THE much-lauded General Farm Worker Apprenticeship qualification, a business-education partnership between Craven Cattle Marts, Craven College and local farms, continues to make its mark.

There was a notable success in the show arena at Skipton Auction Mart for one of the apprentices, 17-year-old Emily Smith, who farms with her parents John and Lyne at Glen Farm, Carleton.

At CCM’s annual evening show and sale of registered Swaledale rams, Emily was over the moon when her 3-shear aged ram sold at £1200, going to Nidderdale with Paul Newbould, of A Newbould & Son, Dallowgill.

Emily, who works part-time at Skipton, is among a group of young people aged 16-18 working towards the qualification, purpose-designed to help fill an acute shortage of young farm workers currently coming into the agricultural sector.

The pioneering project involves placements at Skipton Auction Mart to gain sale day work experience, running alongside farm-based experience at local farms, which offers an across-the-board range of working practices and disciplines involving cattle, sheep and pigs, and all other general agricultural-related activities such as milking, calving, lambing, feeding, bedding, tractor and machinery handling, husbandry and treatments.

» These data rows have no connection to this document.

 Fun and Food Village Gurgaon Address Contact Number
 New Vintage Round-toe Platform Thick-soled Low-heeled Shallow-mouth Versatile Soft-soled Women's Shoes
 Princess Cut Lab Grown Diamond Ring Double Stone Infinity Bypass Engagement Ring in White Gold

It is supplemented by day release training at Craven College, which for many years has maintained a major on-site presence at the auction mart site, specialising in agricultural-related courses such as Agriculture Crops and Livestock, Countryside Management and Gamekeeping, Equine Care and Management, Horticulture, Landscaping and Sports Turf.

At CCM, the scheme is being administered by Andrea Wade, who works in the mart office and farms in Cononley with her husband Robert, one of the local farmers involved in the project.

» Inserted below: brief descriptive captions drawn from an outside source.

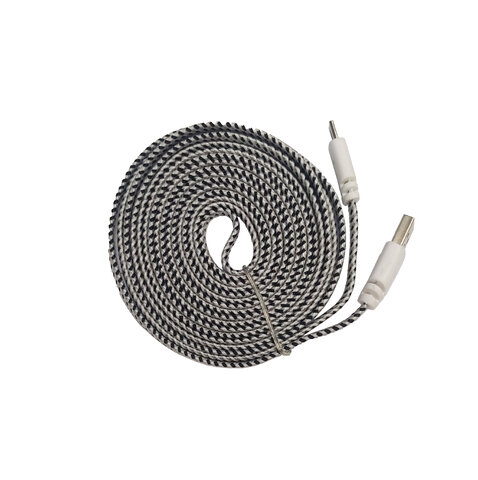 Kabel USB-microUSB płaski w oplocie 3m wzór 3 Kabel USB-microUSB płaski w oplocie 3m wzór 3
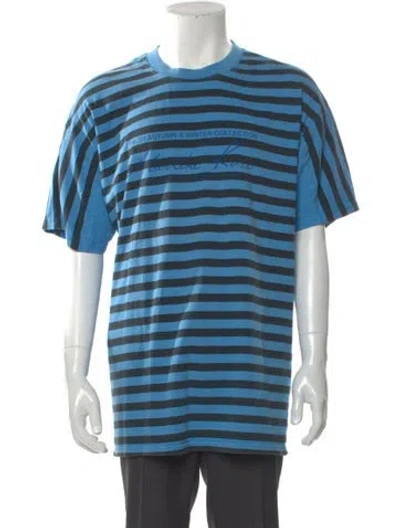 Pre-owned Martine Rose Striped Crew Neck T-shirt In Blue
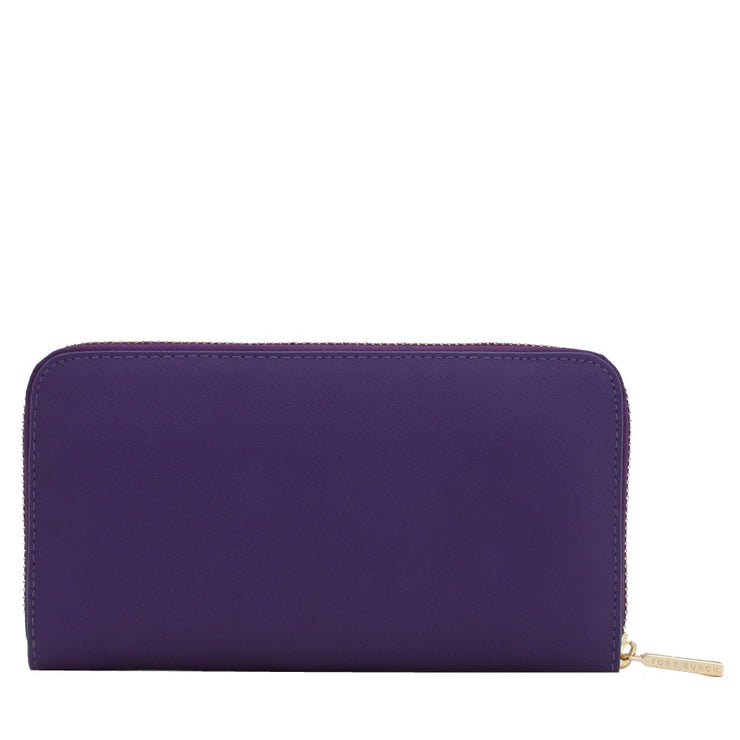 Tory Burch Robinson Zip Continental Wallet- Electric Purple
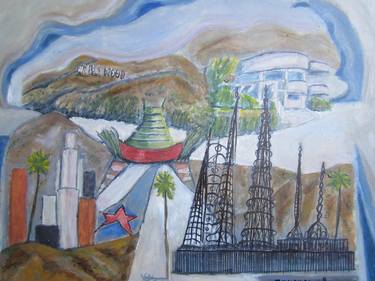 Original Expressionism Cities Painting by Nancy Macina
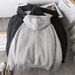 Unisex Fleece-Lined Hooded Zip-Up Sweatshirt - Oversized Winter Pullover For Couples & Students (M-3XL, Grey/Black)_voghion.com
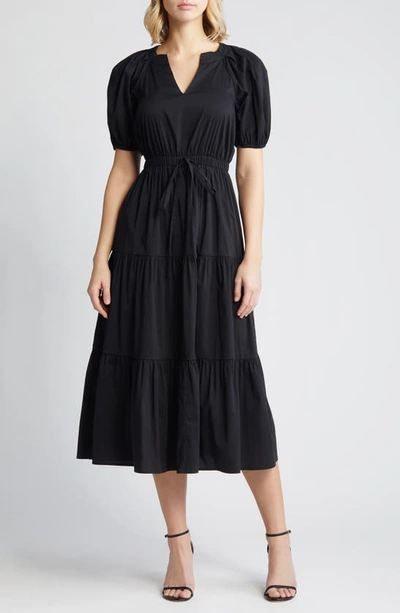 Shop Anne Klein Tiered Puff Sleeve Midi Dress In Anne Black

She is well-equipped for the role, having previously worked as a secondary school teacher for 23 years, latterly for ten years as Deputy Headteacher responsible for curriculum development, staff professional development and collaboration with other secondary schools and Post-16 providers in Pendle to ensure good outcomes and progression routes for young people, Andrea reports that as the first cohort of four commence their second year of training, the ground-breaking programme has welcomed two new apprentices.

Thomas Gray, from Steeton, has teamed up with Simon Kavanagh, of West Berwick Farm, Draughton, to begin his apprenticeship, finding his feet working with chickens, suckler cattle and sheep on Simon’s farm. Thomas’s father Andy Gray works at Ripon Farm Services, while grandfather David has a smallholding on Silsden Moor lambing a small flock of sheep.

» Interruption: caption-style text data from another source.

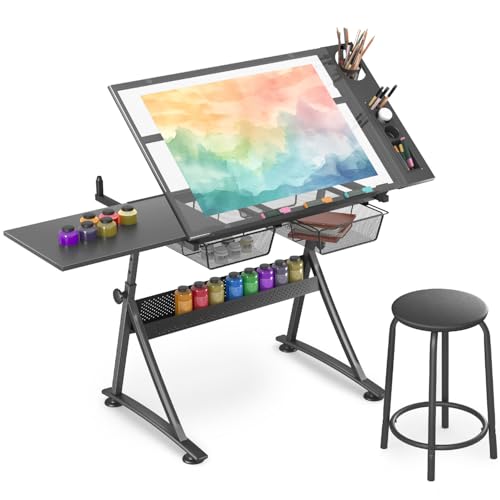 OS MOTOR Adjustable Height Drafting Table with Glass Top, Art Craft Desk with Slide-Out Drawers, Storage, for Drawing, Writing, Painting, and Creative Tasks, Ideal for Home Office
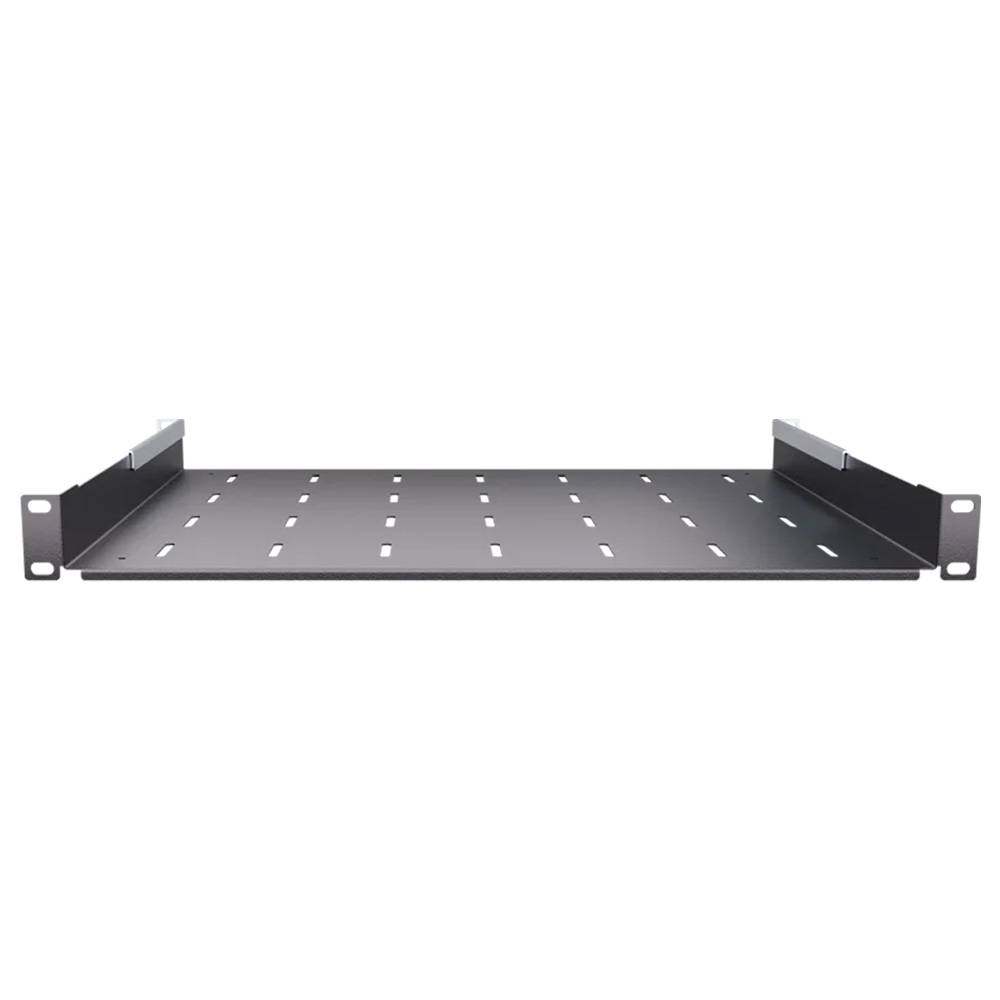 19 Zoll Geräteablage 350 mm Tiefenverstellbar 40 kg Tragkraft für Netzwerkschränke Schwarz-1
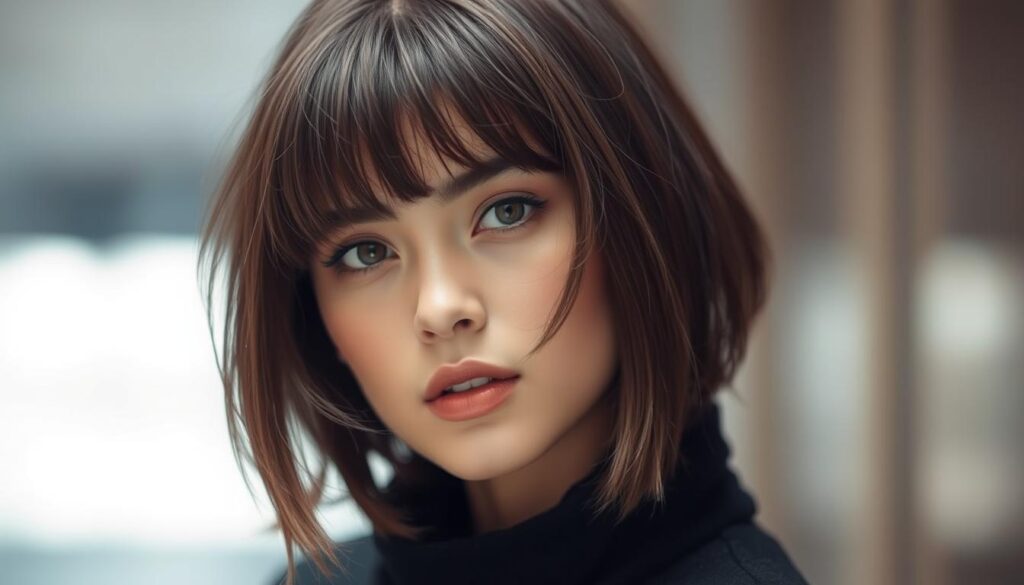 A stylish young woman with a chic "curtain bangs wolf cut" hairstyle, her face partially obscured by her long, wispy bangs. She gazes confidently at the camera, her expression conveying a sense of effortless cool. The lighting is soft and flattering, creating a dreamy, ethereal atmosphere. The background is blurred, placing the focus squarely on the model's striking hairstyle and captivating presence. Captured with a shallow depth of field and a warm, slightly muted color palette, this image perfectly embodies the essence of the "Short Wolf Cut: The Chic Hairstyle for Confident Females" article.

The second newcomer, Joseph Davison, of Silsden, has begun working with Ben and Sam Chapman, from RM Shackleton, Broughton Fields, enjoying his role both in the dairy unit and with sheep. Joseph is the younger brother of Harvey Davidson, who was among the first cohort of last year’s apprentices and who lives with and has helped out on CCM regular Simon Bennett’s farm on Silsden Moor.

CCM’s general manager and auctioneer Jeremy Eaton commented: “The intention is to allow students to network and identify potential opportunities in the land-based sector, whilst at the same time opening up the possibility of a flexible part-time job beyond the end of the apprenticeship. This could well allow them to transition into a full-time role somewhere or even create their own freelance contracting business amongst the contacts that they create.”